>>
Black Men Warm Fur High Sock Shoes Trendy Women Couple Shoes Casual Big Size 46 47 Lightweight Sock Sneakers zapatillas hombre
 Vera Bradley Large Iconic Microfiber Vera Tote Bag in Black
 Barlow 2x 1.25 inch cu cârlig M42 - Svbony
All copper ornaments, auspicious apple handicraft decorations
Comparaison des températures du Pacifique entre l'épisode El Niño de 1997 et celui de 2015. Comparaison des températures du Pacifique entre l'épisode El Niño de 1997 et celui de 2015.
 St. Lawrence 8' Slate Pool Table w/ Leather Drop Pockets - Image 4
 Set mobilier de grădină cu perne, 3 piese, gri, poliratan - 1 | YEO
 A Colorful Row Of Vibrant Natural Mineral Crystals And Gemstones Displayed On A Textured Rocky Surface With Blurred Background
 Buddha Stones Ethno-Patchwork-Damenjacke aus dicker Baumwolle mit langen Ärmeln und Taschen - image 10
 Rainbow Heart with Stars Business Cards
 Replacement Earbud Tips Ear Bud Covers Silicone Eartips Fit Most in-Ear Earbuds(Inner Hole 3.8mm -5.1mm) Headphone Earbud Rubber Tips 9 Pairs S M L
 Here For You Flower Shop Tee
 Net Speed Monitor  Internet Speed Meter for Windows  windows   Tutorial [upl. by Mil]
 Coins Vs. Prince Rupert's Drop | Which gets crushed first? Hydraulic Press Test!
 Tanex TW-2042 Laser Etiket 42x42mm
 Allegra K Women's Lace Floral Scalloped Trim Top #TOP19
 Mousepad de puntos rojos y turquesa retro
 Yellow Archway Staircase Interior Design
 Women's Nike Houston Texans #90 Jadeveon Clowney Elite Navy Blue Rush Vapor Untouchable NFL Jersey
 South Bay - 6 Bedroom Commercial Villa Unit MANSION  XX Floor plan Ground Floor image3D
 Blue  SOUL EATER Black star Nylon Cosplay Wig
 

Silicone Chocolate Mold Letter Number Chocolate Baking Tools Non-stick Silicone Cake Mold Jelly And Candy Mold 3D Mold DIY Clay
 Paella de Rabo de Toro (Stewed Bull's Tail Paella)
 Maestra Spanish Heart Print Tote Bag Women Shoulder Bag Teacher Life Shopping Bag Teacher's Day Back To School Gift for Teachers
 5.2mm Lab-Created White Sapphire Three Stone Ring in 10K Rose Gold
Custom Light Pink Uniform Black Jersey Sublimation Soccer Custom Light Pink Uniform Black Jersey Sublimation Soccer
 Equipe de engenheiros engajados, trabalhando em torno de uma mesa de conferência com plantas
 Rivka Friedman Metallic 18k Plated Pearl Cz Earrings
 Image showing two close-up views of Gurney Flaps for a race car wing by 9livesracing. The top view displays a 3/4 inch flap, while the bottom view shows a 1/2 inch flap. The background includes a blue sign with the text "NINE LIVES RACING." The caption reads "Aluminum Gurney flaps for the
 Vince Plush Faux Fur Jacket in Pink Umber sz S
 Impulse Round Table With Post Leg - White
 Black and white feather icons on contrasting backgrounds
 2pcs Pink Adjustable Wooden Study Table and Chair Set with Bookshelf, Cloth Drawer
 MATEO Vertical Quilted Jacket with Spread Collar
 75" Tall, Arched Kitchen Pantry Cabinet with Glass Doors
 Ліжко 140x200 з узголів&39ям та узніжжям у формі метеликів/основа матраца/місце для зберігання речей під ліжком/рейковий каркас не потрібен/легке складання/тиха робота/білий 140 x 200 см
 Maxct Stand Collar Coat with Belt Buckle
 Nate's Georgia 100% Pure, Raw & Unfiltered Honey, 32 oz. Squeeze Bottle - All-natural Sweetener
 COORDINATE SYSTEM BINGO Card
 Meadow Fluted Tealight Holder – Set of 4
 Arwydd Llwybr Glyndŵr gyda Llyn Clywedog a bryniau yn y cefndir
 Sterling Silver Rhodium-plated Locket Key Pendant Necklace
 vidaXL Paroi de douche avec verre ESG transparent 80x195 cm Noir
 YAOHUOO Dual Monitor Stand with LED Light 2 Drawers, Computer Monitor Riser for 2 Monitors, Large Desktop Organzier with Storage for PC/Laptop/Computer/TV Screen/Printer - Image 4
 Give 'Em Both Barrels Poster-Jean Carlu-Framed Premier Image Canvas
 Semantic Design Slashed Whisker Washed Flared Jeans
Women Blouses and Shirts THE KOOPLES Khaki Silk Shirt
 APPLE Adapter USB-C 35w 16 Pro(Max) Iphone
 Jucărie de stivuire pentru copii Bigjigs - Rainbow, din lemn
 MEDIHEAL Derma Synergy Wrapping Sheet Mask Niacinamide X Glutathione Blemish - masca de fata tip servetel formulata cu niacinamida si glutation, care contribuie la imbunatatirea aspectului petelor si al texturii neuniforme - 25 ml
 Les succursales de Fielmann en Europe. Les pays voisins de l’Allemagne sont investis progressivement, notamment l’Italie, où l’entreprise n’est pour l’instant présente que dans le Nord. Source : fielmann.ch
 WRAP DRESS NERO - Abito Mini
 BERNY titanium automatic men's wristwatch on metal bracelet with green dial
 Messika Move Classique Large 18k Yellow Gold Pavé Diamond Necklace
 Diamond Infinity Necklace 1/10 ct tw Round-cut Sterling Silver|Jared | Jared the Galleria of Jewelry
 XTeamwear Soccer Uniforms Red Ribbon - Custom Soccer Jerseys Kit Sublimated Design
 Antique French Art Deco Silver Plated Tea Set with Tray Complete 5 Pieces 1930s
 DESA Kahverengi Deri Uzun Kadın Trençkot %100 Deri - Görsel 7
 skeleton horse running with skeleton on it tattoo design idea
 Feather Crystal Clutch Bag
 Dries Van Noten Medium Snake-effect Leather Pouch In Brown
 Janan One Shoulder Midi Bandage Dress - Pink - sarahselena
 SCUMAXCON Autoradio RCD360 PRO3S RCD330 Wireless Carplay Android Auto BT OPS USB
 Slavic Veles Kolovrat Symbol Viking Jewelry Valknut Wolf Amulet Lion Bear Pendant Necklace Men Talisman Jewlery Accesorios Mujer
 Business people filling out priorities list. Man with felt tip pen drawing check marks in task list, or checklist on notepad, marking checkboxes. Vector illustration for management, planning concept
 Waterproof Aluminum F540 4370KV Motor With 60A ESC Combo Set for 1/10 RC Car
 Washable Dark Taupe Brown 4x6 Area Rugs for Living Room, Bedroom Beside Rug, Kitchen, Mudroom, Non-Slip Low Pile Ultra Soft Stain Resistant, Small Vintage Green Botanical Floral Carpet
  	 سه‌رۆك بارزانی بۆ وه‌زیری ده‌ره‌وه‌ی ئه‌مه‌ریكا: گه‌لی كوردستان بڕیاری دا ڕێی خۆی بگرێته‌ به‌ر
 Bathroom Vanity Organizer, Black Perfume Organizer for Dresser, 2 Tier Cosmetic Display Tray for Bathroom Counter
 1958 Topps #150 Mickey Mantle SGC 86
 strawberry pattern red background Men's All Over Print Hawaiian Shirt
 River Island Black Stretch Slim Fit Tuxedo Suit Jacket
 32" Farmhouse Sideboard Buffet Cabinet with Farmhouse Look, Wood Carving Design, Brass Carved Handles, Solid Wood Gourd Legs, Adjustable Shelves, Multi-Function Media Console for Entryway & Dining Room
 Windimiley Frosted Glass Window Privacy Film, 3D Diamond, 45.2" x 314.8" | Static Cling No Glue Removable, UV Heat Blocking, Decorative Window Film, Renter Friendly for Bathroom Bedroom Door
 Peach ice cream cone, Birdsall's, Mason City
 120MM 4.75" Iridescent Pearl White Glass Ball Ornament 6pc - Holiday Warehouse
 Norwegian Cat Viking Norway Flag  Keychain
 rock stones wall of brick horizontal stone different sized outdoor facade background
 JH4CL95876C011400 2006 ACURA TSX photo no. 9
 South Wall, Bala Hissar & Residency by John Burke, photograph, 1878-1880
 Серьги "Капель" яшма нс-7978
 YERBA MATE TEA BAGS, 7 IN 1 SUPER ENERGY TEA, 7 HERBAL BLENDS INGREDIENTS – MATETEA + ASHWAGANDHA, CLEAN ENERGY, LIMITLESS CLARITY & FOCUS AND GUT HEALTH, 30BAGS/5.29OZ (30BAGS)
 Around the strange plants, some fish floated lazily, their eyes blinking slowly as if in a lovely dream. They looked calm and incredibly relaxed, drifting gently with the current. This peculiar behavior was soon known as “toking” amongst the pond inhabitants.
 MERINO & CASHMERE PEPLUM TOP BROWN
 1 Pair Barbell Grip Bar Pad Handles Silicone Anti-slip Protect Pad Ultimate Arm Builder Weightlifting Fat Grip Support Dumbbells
<<
Repeat exactly the lines of the listing from its first line through the line that holds "Coins Vs. Prince". Nothing else should appear.

Black Men Warm Fur High Sock Shoes Trendy Women Couple Shoes Casual Big Size 46 47 Lightweight Sock Sneakers zapatillas hombre
 Vera Bradley Large Iconic Microfiber Vera Tote Bag in Black
 Barlow 2x 1.25 inch cu cârlig M42 - Svbony
All copper ornaments, auspicious apple handicraft decorations
Comparaison des températures du Pacifique entre l'épisode El Niño de 1997 et celui de 2015. Comparaison des températures du Pacifique entre l'épisode El Niño de 1997 et celui de 2015.
 St. Lawrence 8' Slate Pool Table w/ Leather Drop Pockets - Image 4
 Set mobilier de grădină cu perne, 3 piese, gri, poliratan - 1 | YEO
 A Colorful Row Of Vibrant Natural Mineral Crystals And Gemstones Displayed On A Textured Rocky Surface With Blurred Background
 Buddha Stones Ethno-Patchwork-Damenjacke aus dicker Baumwolle mit langen Ärmeln und Taschen - image 10
 Rainbow Heart with Stars Business Cards
 Replacement Earbud Tips Ear Bud Covers Silicone Eartips Fit Most in-Ear Earbuds(Inner Hole 3.8mm -5.1mm) Headphone Earbud Rubber Tips 9 Pairs S M L
 Here For You Flower Shop Tee
 Net Speed Monitor  Internet Speed Meter for Windows  windows   Tutorial [upl. by Mil]
 Coins Vs. Prince Rupert's Drop | Which gets crushed first? Hydraulic Press Test!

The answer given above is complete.